On 03/02/2015 02:19 PM, Naslund, Steve wrote:
The backend is still symmetric. It's still something like 1.25 gigs up and 2.5 gigs down. You can only beat that going to AE.
Truth is, once the user is achieving what they consider to be acceptable performance they don't care if it is symmetric or not.
Not a very informative discussion.
Points of fact...
From Verizon's January filings regarding 2014Q4: 1. Verizon has about eight million FIOS customers. 2. "Fifty-nine percent of FiOS consumer Internet customers subscribed to data speeds of at least 50Mbps, up from 46 percent one year earlier."
Eight million FIOS customers does not even come close to representing the bulk of users out there. In fact, it does not even represent the majority of "high speed" customers out there.
From a Verizon press release last summer, all FIOS speeds are now symmetric.
And no one cares. I don't even see Verizon commercials crowing about how great it is to have symmetry. If customers loved it that much don't you think they would market that way? Hi Steve,
I live in the Tampa Bay area and I see Verizon commercial all the time where other ISP customers are complaining that theirs ISP take so long to upload pictures, backups, etc. Plus there are commercial with people on an escalator where the up escalator is much slower than the down escalator and people are complaining up should be as fast as down. Regards, Steve
http://arstechnica.com/business/2014/07/verizon-fios-finally-symmetrical-upl...

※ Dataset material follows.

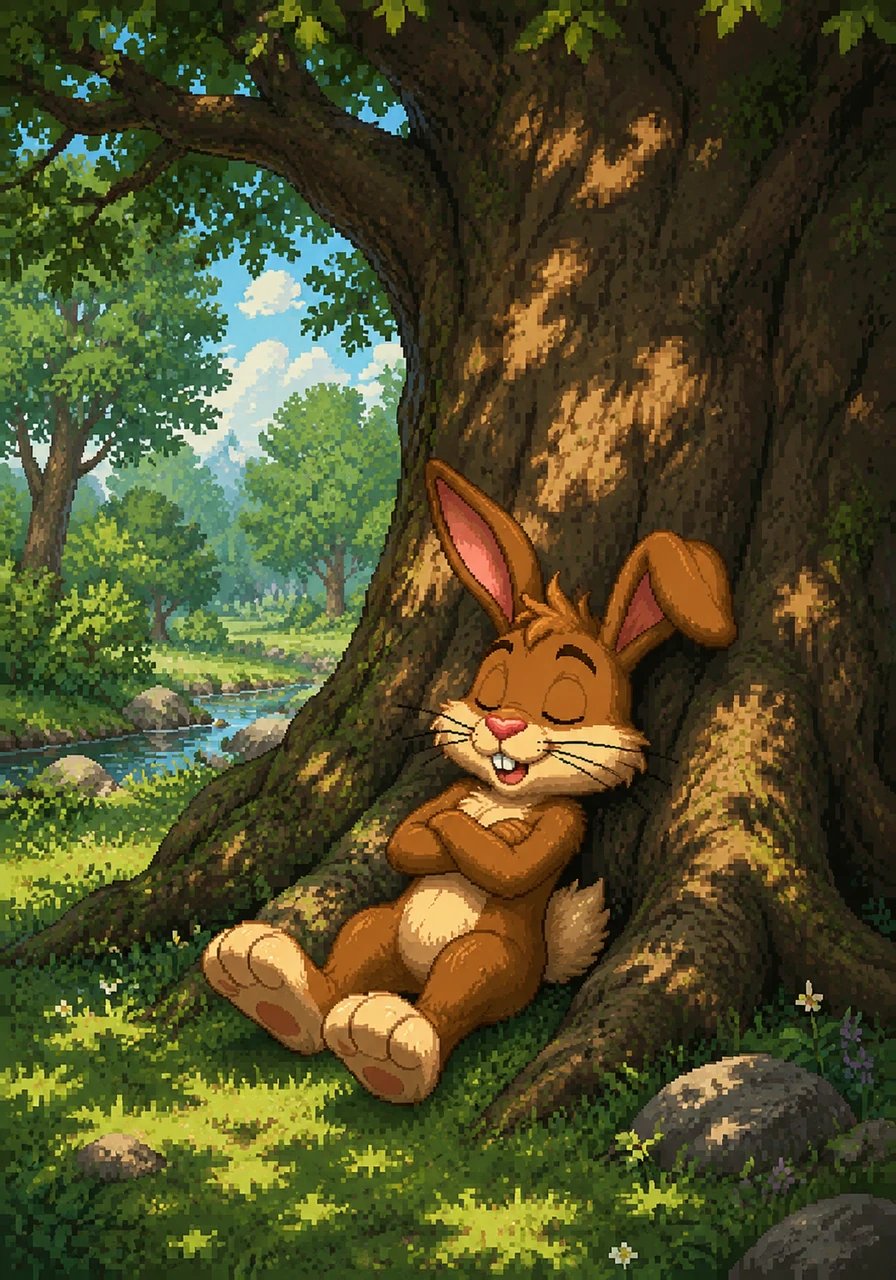Soon, the warm sun made Barnaby very tired, so he found a large, shady oak tree to rest under. He sat down against the smooth bark, closed his eyes, and quickly fell into a deep sleep.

ADSL development proceeded the development of the consumer Internet. The original patent was filed in 1988. DSL was designed originally to deliver video in an ISDN/ATM world. For that reason, it was asymmetric. ADSL did not proceed the development of the consumer Internet in the commercial world. If it did, we would never have gone with dial-up modems. Patent dates have very little to do with commercial availability at all. Please give me an example of a purchasable service using ADSL prior to its use in Internet delivery. The number one reason ADSL succeeded and SDSL did not.....you could put an ADSL signal on the phone line you already had in your house, SDSL required a new loop to be ordered. Faster to provision and it can be done without a truck roll.